En Malaisie, le péage rapporte des millions par jour. Cela aidera beaucoup à décongestionner notre réseau routier.

 

«Les nominés politiques ne sont là que pour trois ans. Mais, moi, je ne suis pas un ambassadeur vase à fleurs.»

 

Qu’avez-vous fait pour renforcer les relations diplomatiques et culturelles entre Maurice et la Malaisie?

On a organisé un festival culinaire malaisien au Suffren, en partenariat avec Air Mauritius. On voudrait aussi un festival culinaire mauricien en Malaisie et aller plus loin avec Air Asia. Il y a eu le vol inaugural. J’ai fait ce que j’ai pu. Les Mauriciens étaient très contents.

À Jakarta, j’ai commencé à négocier avec Malindo Airlines, qui va desservir Maurice-Jakarta. Elle ne devrait pas affecter la ligne d’Air Mauritius. Les Mauriciens qui veulent aller à Bali pourraient utiliser cette ligne aérienne jusqu’à Jakarta et deux heures après, s’envoler vers Bali.
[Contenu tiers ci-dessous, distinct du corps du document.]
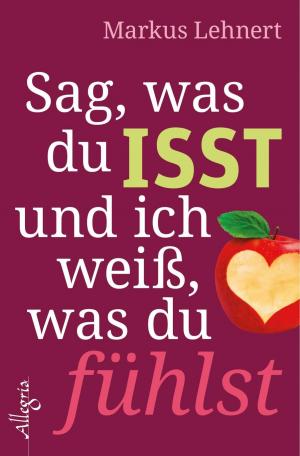 Cover of the book Sag, was du isst und ich weiß, was du fühlst by Helga Glaesener
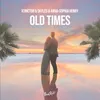 About Old Times Song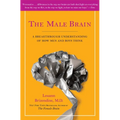 The Male Brain: A Breakthrough Understanding of How Men and Boys Think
Beaucoup de pays voulaient utiliser Maurice comme hub pour pénétrer le marché africain. Le problème avec Air Asia est en haut lieu. Tony Fernandes, CEO d’Air Asia, avait demandé cinq vols par semaine. Air Mauritius a refusé. Le CEO demandait ainsi le Fifth Traffic Rights pour aller en Afrique du Sud. MK ne peut pas leur accorder cela. Et le 23 mars 2017, l’e-mail final a annoncé qu’Air Asia arrête définitivement sa desserte sur Maurice.

Air Asia a dépensé des millions sur le marketing. Ce qu’elle a fait, Air Mauritius n’a jamais fait. Avec Air Asia, MK aurait pu se réinventer et non pas rester dans sa zone de confort. Qu’a fait MK pour attirer les gens ? Je voulais voir le match entre Air Asia et Air Mauritius.

Quel bilan faites-vous de vos trois ans passés en Malaisie? J’ai rencontré des hommes d’affaires, des organisations socioculturelles mauriciennes en Malaisie. Des hommes d’affaires influents sont venus pour un projet de scooter électrique. Ils viennent régulièrement à l’ambassade.

En outre, il y a 1 500 étudiants mauriciens en Malaisie. Cela, en raison du prix compétitif des cours, comparé à l’Europe et à l’Australie. Les Mauriciens s’adaptent facilement en Malaisie.

Du reste, notre ambassade a travaillé avec la France pour valoriser la francophonie. La France compte beaucoup sur Maurice. On a introduit la langue française un peu partout. J’ai travaillé sur le dossier MH 370. L’avenir de Maurice, c’est l’Asie.